Captura de imagen de la película Gladiator (2000)

Ejercer la crítica es un acto de responsabilidad absoluta. Publicar una crítica sin firma es un acto de terrorismo periodístico con pasamontañas. He observado en un medio digital algo que me ha dejado pasmado, una crítica con la que podría estar de acuerdo, pero que al final cuando busqué el nombre del autor, sencillamente no estaba.

Esconderse detrás del anonimato deja muy mal parado el ejercicio de la crítica. La obra de arte no está completa hasta que llega al público y es refrendada por la crítica especializada.

«En la crítica seré valiente, severo y absolutamente justo con amigos y enemigos. Nada cambiará este propósito», escribió Edgar Allan Poe. Esa frase debería convertirse en un mantra para quienes quieren practicar el ejercicio de la evaluación, que debe estar refrendada sobre todo por la objetividad, aunque casi siempre la subjetividad saque la cabecita burlona desde algún rincón.

Los críticos somos esos seres deleznables que le avinagramos la vida a quien no es artista y por tanto no está preparado para el enjuiciamiento de su obra. Los verdaderos artistas deben esperar la crítica como se espera una bendición, porque una crítica favorable puede dejarte colocado para siempre en un sitio de la posteridad, mientras una crítica negativa, recibida con madurez y humildad puede convertirse en una lección de vida que te haga crecer y convertir en mejor artista.

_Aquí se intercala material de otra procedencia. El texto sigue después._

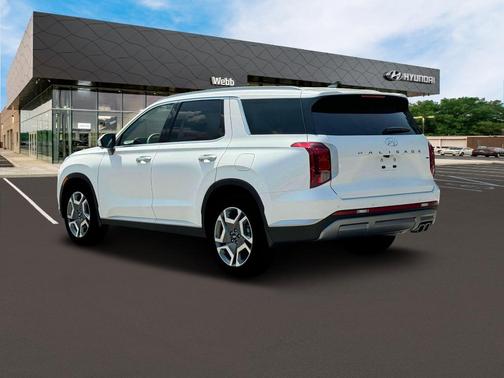 2025 Hyundai PALISADE SEL Premium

Cuando ejerzo la crítica siempre pienso que puedo no tener la razón, que mi verdad no es absoluta. Y lo hago con total franqueza. Tratando de sopesar los elementos positivos y los que desde mi punto de vista son negativos, trato de comparar, de valorar, de informar y de ser ameno. Tener un estilo propio es muy importante para comunicar la crítica. Esta disección es un acto de respeto profundo hacia la creación y hacia el artista, aunque el primer impacto no sea visto de esta manera por parte del criticado.

Una obra de arte es o no es. No valen el tiempo, los esfuerzos, la cantidad de dinero, los recursos gastados en ellos, ni la cantidad de personas que se beneficien de su creación. El arte es el resultado, no el proceso. Es el final, no el comienzo ni la mitad de su creación.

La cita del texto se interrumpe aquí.